Friday, February 24, 2006

Hyundai Kia and the Wage Freeze Issue

This past week the Korean press has addressed both sides of the Hyundai-Kia labor wage issue. As I've noted, it's been a carefully watched topic for months, which has surfaced in heated debate with this week's wage freeze announcements by Hyundai Kia top management.

This Chosun Ilbo editorial cites concerns from a Korea perspective... (you may wish to look at Businessweek's take on the issue, although I don't entirely agree with BW....controlling the union is still a huge issue.)


Chosun Ilbo
Some 11,000 managerial staff with Hyundai Motor and affiliate Kia Motors have voluntarily agreed to a salary freeze this year. Their decision encouraged officials at other subsidiaries of the Hyundai Automotive Group to announce a wage freeze, led by top executives including chairman Chung Mong-koo.

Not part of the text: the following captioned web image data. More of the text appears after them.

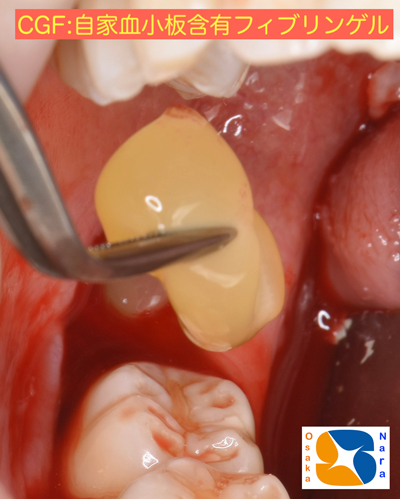 東大阪　奈良　石切駅前　鈴木歯科　ブルーラジカル　静脈麻酔鎮静　寝ながらリラックス　歯周病　インプラント　失った骨の再生医療　血液コラーゲン　歯科用最新CT精度が高い　正確な診査と診断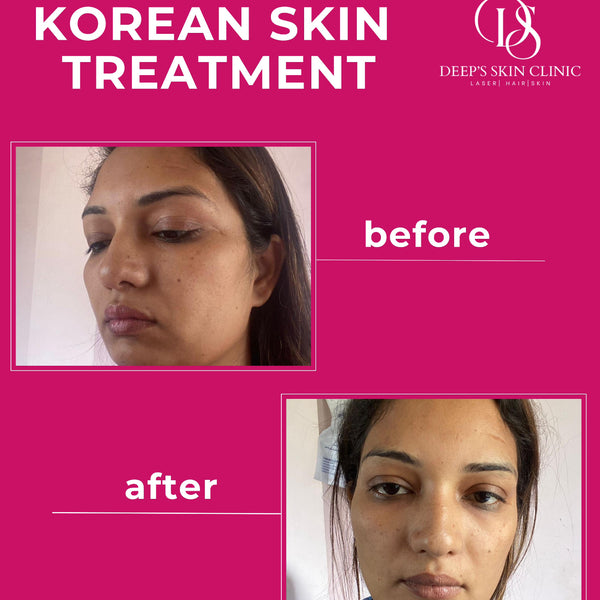 Whitening Combo pack - Deep’s Skin Clinic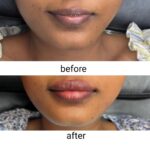 Dr Swati's aesthetic before after 42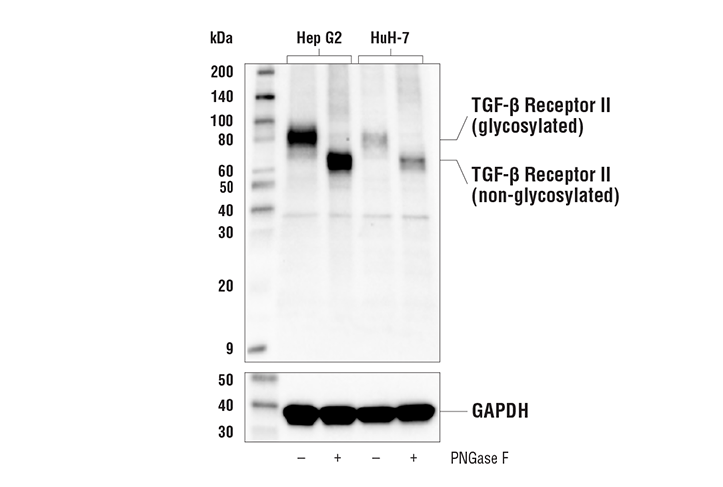 Image 17: TGF-β Fibrosis Pathway Antibody Sampler Kit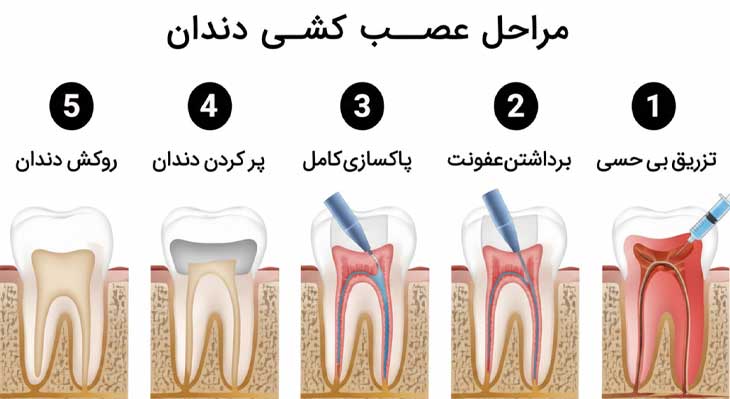 عصب کشی دندان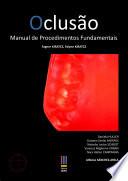 Oclusão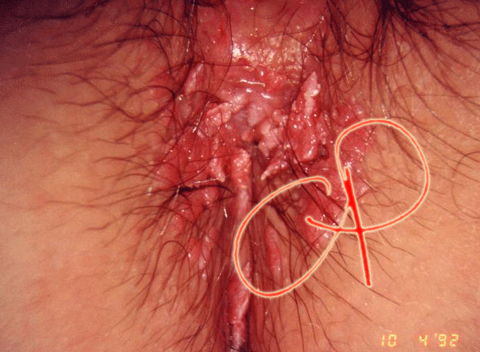 Condilomatosi florida della vulva e del perineo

Hyundai Motor has been accused of passing losses caused by the falling U.S. dollar against the won on to its 2,000 suppliers, most of them small and medium-sized companies, by demanding that they reduce the prices of auto parts by 10 percent on average. The company says that is inevitable if it is to stay afloat since the falling dollar and high oil and raw material prices are threatening the company'’s profitability.

A closer look at the company's situation reveals why it feels so anxious. Even though it recorded its highest ever profits last year, operating profits from production and exports declined by as much as 30 percent from 2004. The operating margin, which stood at 8-9 percent until a few years ago, dropped to 5.1 percent, and sales, which had been rising for the last seven years, also decreased for the first time last year.

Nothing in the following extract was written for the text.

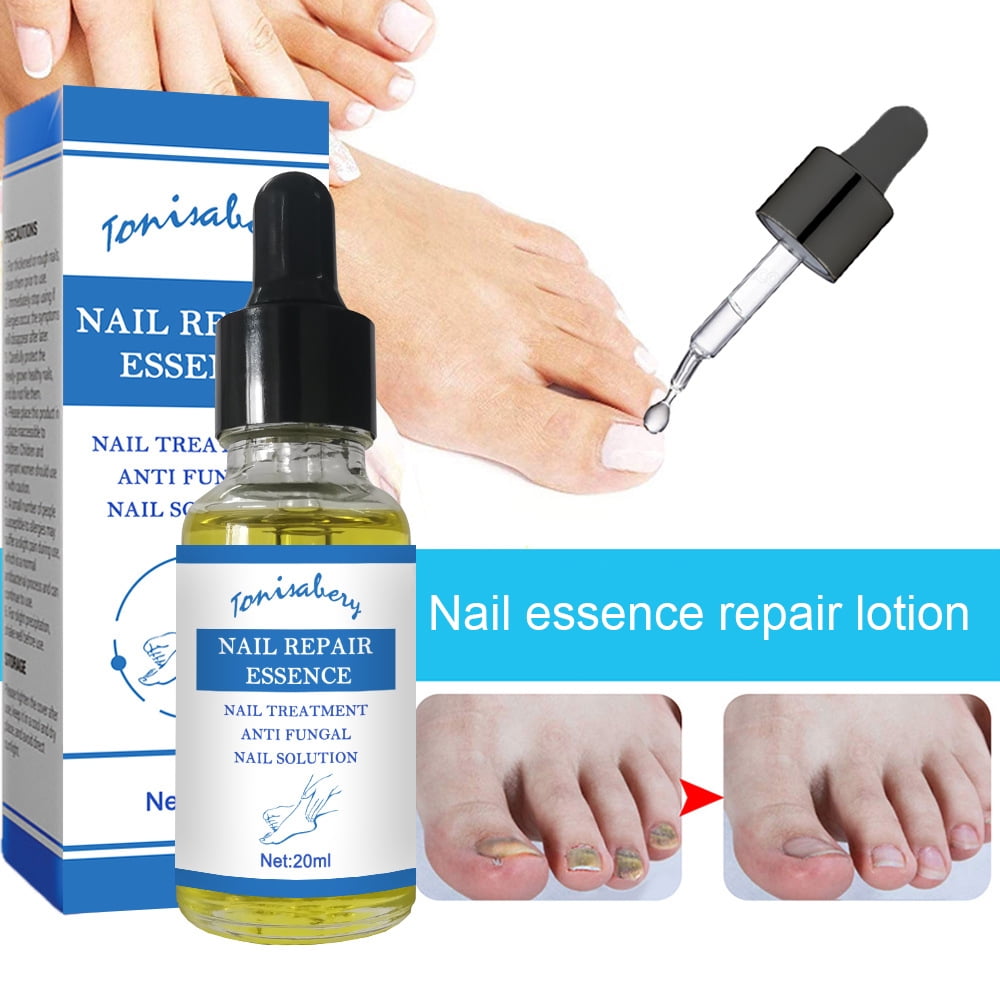 Nail Fungus Treatment Toenail Repair Essence Renew Damaged Discolored ...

More seriously, the global car market is saturated. While the number of cars sold is barely increasing, the entry of China and India into the market is raising global manufacturing capacity to some 24 million cars in excess of demand. This is why carmakers such as General Motors and Ford are tightening their belts, closing down many factories and laying off tens of thousands of workers.

Hyundai Motor is losing ground in the competition to develop future products like hybrid cars. Toyota, GM and Ford are investing three times as much in research and development as Hyundai and Honda twice as much to develop hybrid models.

The carmaker'’s trade union, which has gone on strike almost every year, needs to sit down with the company and think about how they can survive the competition together. The most important factor is building trust between the two sides. Toyota was able to do business without strikes for 50 years and froze wages for a record five years because its union and management remain in constant dialogue.

That is why Hyundai management needs to heed union complaints that it is unilaterally pressuring workers by announcing the salary freeze for managers without consulting them first. It could also consider alternatives to an unconditional freeze, such as offering performance-related bonuses.